The Fed is not ready for its exit strategy yet. It is certainly not raising interest rates.
Moreover, reversing course, at the Federal Open Market Committee meeting yesterday, the central bank board opted to buy $2.05 trillion of securities, noting that ‘the pace of the recovery is likely to be more modest in the near-term than had been anticipated’. The Fed will reinvest principal payments from its maturing portfolio of mortgage-backed securities and agency debt in long-term Treasurys at current levels. For the first time it is using a number target.
The tone of the FOMC statement was more cautious than in June, as soft economic data in the intervening period created fears of a double dip. Unemployment remain stubbornly high, sapping spending. Housing prices are soft. However Thomas Hoenig, president of the Kansas Federal Reserve Bank,opposed the decision to buy T-bills, arguing that the recovery was on track.
The stock market reacted positively, but not very and foreign markets are down today, but not very. The dollar fell modestly but recovered today. Gold sort of went up after a pre-FOMC fall and also reversed in moderate European trading today. Except for farmers in Kansas, it is vacation time, folks.
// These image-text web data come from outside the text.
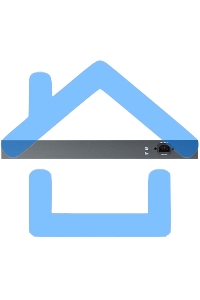 Коммутатор OS3228/A1A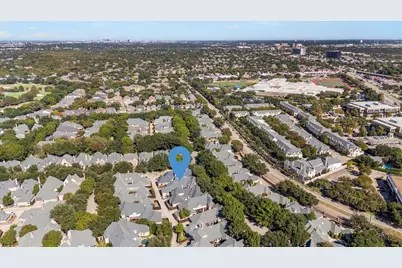 5731 Portsmouth Lane, Dallas, TX 75252 - Photo 31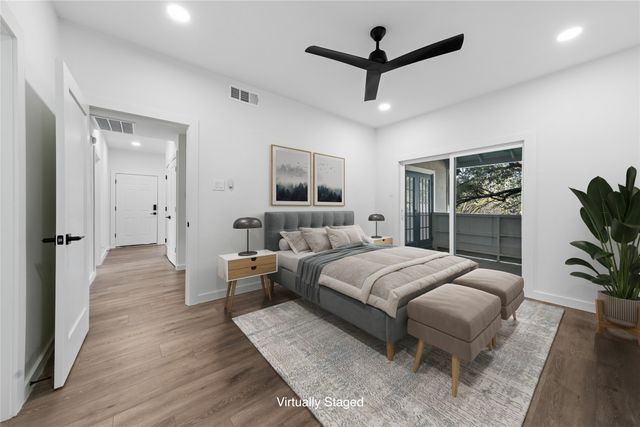 8601 Park Lane 121, Dallas, TX 75231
Tomorrow I’m celebrating the Glorious 12th . There will be no blog, to mark the opening of the grouse-hunting season. Nor for obvious reasons will there be one on Friday the 13th . I am flying off for a 5-day trip to the upper reaches of the Rio Douro (where port wine comes from). Frida Ghitis will be on duty early next week in case something happens while I am in the mountains of northeast Portugal visiting convents, stately homes, castles, and, of all things, a village up against the Spanish border whose inhabitants continued to practice rudimentary Judaism in secret from the 15th century when the Inquisition began in Portugal from Spain right until the 1920s when a Polish-Jewish dam engineer discovered them. Since then they learned about rabbis, cantors, bar-mitzvahs, and gefillte fish.
Note that there also will be no weekend update of our performance tables (for paid subscribers). Apologies to Tom McClellan for again getting the name of his publication wrong yesterday. It is McClellan Market Report and you buy it at www.mcoscillator.com
Fund flow trackers EPFR of Cambridge MA write:
Against a backdrop of disappointing US employment, manufacturing and housing markets data, investors steered their cash into emerging markets funds during early August as they sought protection from the dollar weakness they believe will follow. Flows into EPFR Global-tracked emerging markets equity funds hit a 38-week high during the seven days ending August 4, with global emerging markets equity funds having their best week since late 4Q08, while emerging markets bond dunds took in over $600 mn for the ninth consecutive week.
The prospect of fresh measures by the US Federal Reserve to stimulate credit, which include keeping interest rates extremely low, also helped high yield bond funds and real estate and commodity sector funds post strong inflows and prompted investors to take another look at Europe. The implications for yen-dollar exchange rates, however, ensured another week of outflows for Japan equity funds.